It's anti-war radio.
I'm Scott Horton.
And our first guest on the show today is Jefferson Morley, staff writer for salon.com in Washington, author of the forthcoming book, Snowstorm in August, Washington City, Francis Scott Key, and the Forgotten Race Riot of 1835.
Boy, that sounds interesting.
He's also written for everything, the Post, the New Republic, Harper's, the Center for Independent Media, the Nation, et cetera, et cetera.
Taught at Boston University, Georgetown, and District of Columbia Public Schools too.
Welcome to the show.
How are you doing?
Thank you, Scott.
I'm good.
Well, good.
I'm very happy to have you here.
I really enjoyed this article.
I'm glad you wrote it.
I like knowing that other people read it.
Makes me feel good to think that these kinds of ideas are at least, you know, even if it is too little, too late or something, at least people are going to be a little bit more aware of what's happening to us.
Not too little, too late.
There's a lot of interest in this.
And, you know, there's time to do something about this, but the prevalence of the drones is going to be a coming story in the United States airspace in the coming years.
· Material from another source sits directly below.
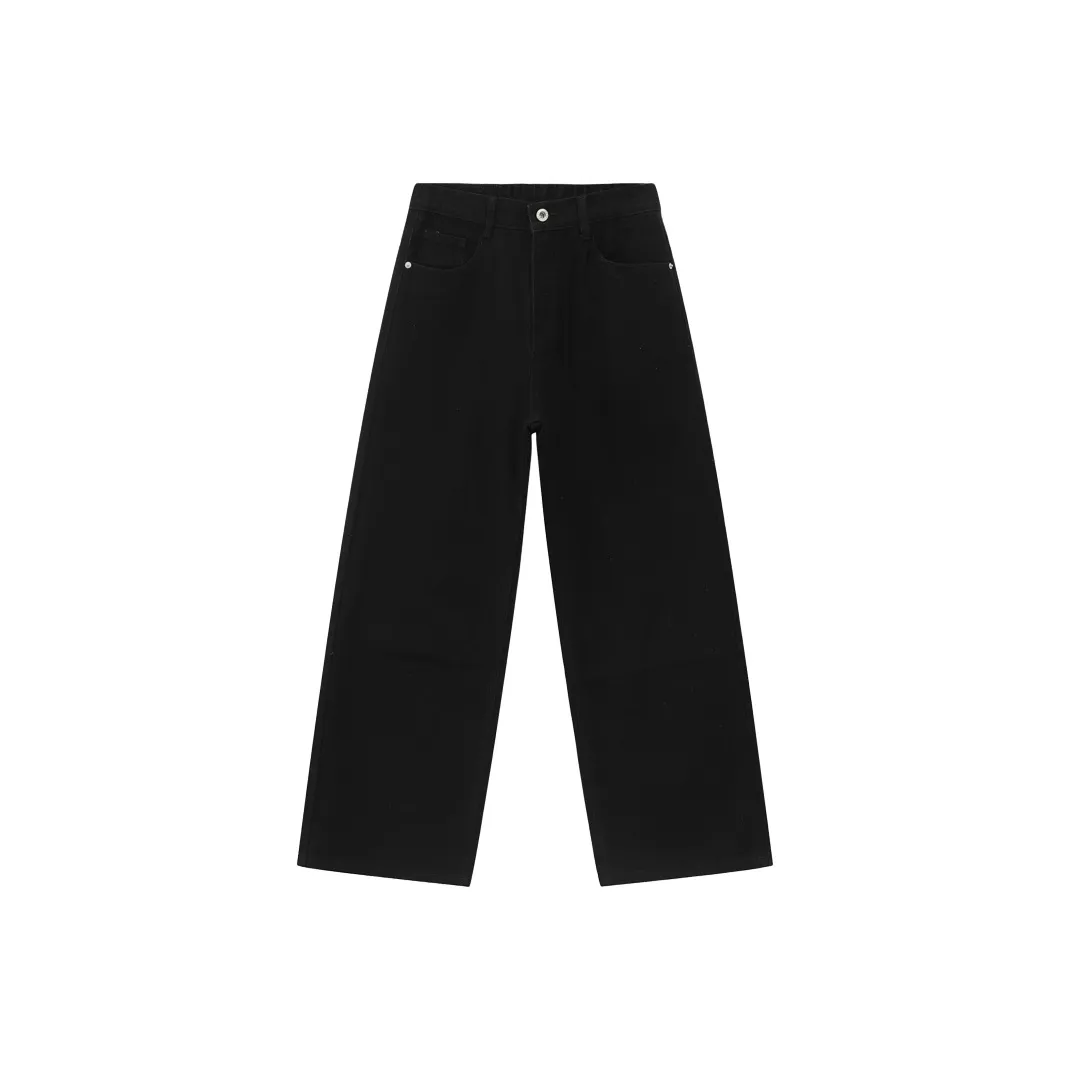 Voguo Relay Elastic Waistband Jeans Men's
So people need to educate themselves and figure out how we can regulate them.
It's very important.
You know, people, I guess, have asked for a long time, as long as I've been alive or understanding words in English anyway, people have been asking, well, what will the American people not put up with?
There's got to be a line with what if they like came to write 666 on our foreheads?
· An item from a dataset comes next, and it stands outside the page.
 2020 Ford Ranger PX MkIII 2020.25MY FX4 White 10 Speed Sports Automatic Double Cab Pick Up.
We'd rebel against that, right?
Like there's got to be something that they can't do.
They can take our kids and put them in wars that are no good, obviously, spend their lives for nothing.
They're already using drones.
They put cameras up on every street corner in America without ever holding a single referendum in a single city or county or municipal utility district a single time.
They just did it.
And nobody ever- Well, that's why I say there's time to act.
Right now, only about in terms of drones in the U.S. airspace, which I wrote about and continue to write about for salon.com, there's only about 10 public safety departments 10 to 20 public safety and law enforcement departments nationwide that have adapted this technology.
And there's only a couple that actually have it in the air right now.
So there is time to act.
This isn't a fait accompli by any means, but people need to understand what this technology is capable of, what law enforcement and government agencies want to use it for.
They need to understand that the very legitimate and very valuable uses that this technology can have for public safety.
And they also need to understand the threats that it poses to privacy and civil liberty.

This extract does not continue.